DataKit is a Swift package for loading, manipulating and analysing datasets in memory. Functionality is built around DataSet and Column classes with a DataSet containing a collection of Column instances, together representing tabular data.
The DataSet class takes inspiration from DataFrame classes in R, Python Pandas and Julia DataFrames.jl libraries.
DataKit is developed to explore machine learning algorithms in Swift. See TreeKit for decision tree classification built on DataKit.
Some guiding principles for the design of the package API are:
- Explicitly deal with data types throughout. Don't make any assumptions about what type is intended.
- Handle missing data explicitly as Swift Optionals.
- Use Swift Generics for common functionality, for example through Generic column methods.
- Use Swift Subscripts to simplify accessing data.
Install using the Swift package manager by adding a dependency in a project Package.swift file:
... dependencies: [ // Dependencies declare other packages that this package depends on. // .package(url: /* package url */, from: "1.0.0"), .package(url: "https://github.com/PeetV/DataKit.git", from: "0.3.0"), ], targets: [ // Targets are the basic building blocks of a package. A target can define a // module or a test suite. // Targets can depend on other targets in this package, and on products in // packages which this package depends on. .target( name: ..., dependencies: ["DataKit"]), ...

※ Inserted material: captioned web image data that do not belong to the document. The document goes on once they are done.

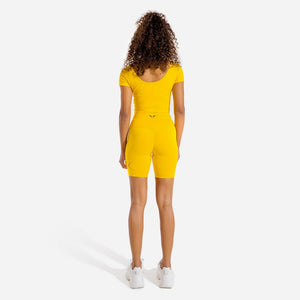 Warrior Crop Tee - Half Sleeves - Yellow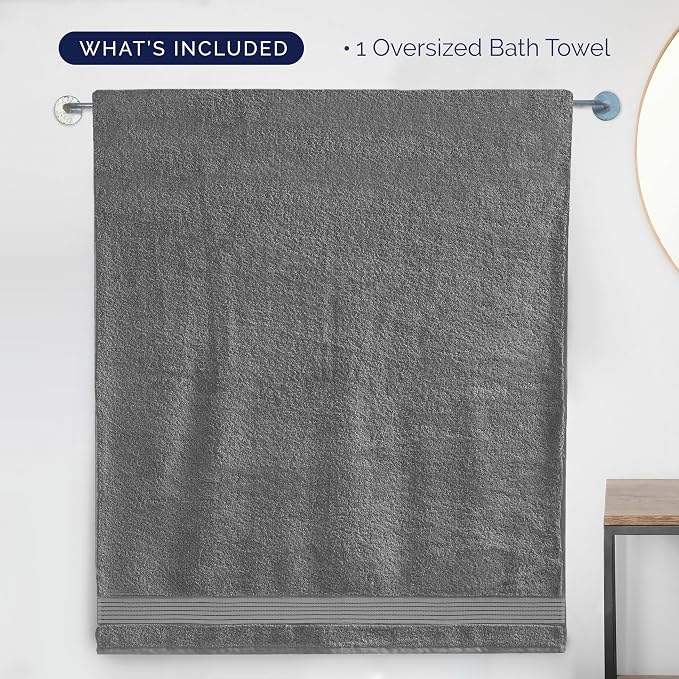 Elegant Comfort Premium Super Soft Highly Absorbent 1 Piece Oversized Bath Sheet - 40" x 80" inch, Luxurious Hotel Spa Quality 100% Turkish Cotton Extra Large Bath Towels for Adults, Grey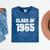 Class Of 1965 High School College Graduation Reunion Mineral Wash Tshirts Mineral Navy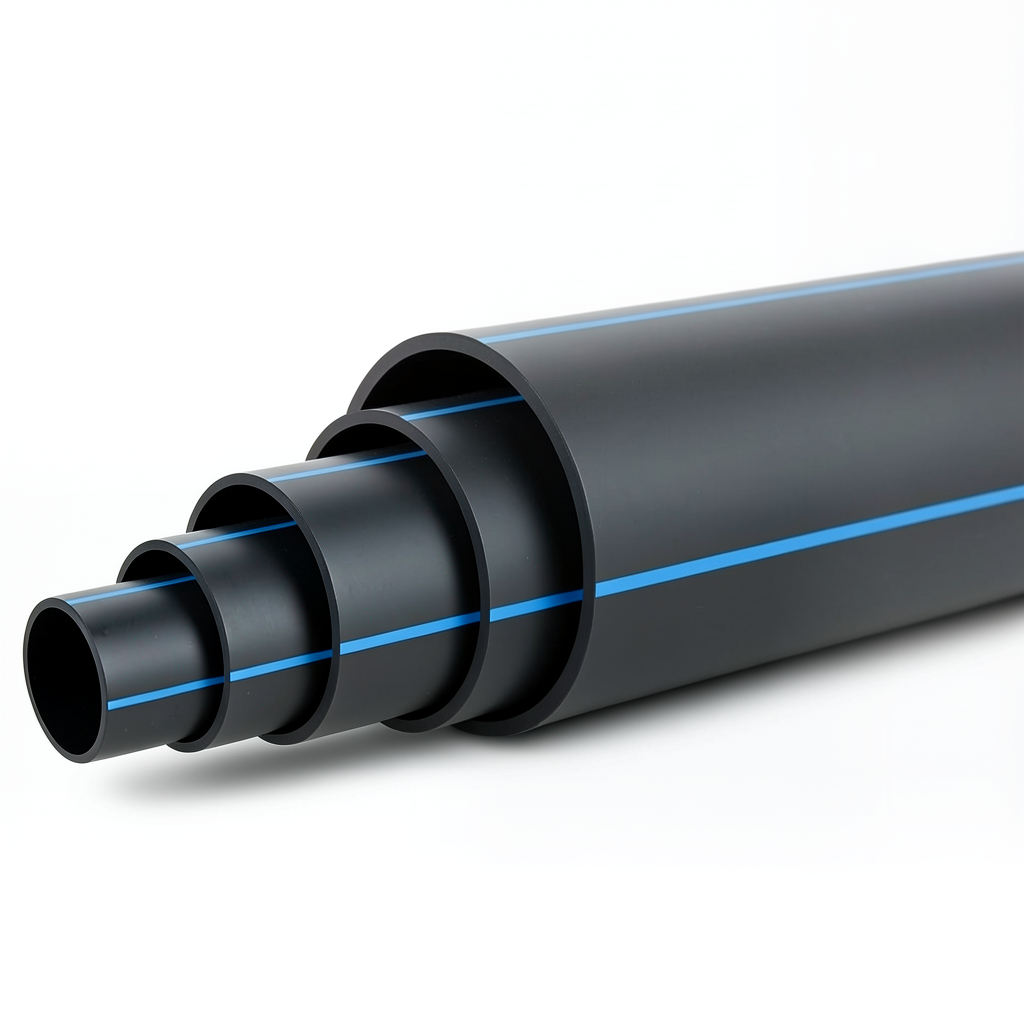 مواسير HDPE ضغط 4 بار PE 100 قطر خارجي 450 مم SDR 33 لون أسود مع خط أزرق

See the docs folder for interactive examples in playgrounds that can be run using Xcode or see the Contents.swift file in the playground folder.
|Overview.playground||General overview of the DataKit API.|
|Reshaping.playground||Examples of reshaping data, for example reformatting column content.|
- 0.1 Integer, Double, String and Bool column type datasets
- 0.2 Subscripts
- 0.3 Date column type
- 0.4 Column functions inc. maths, string regex
- 0.5 Group by and join datasets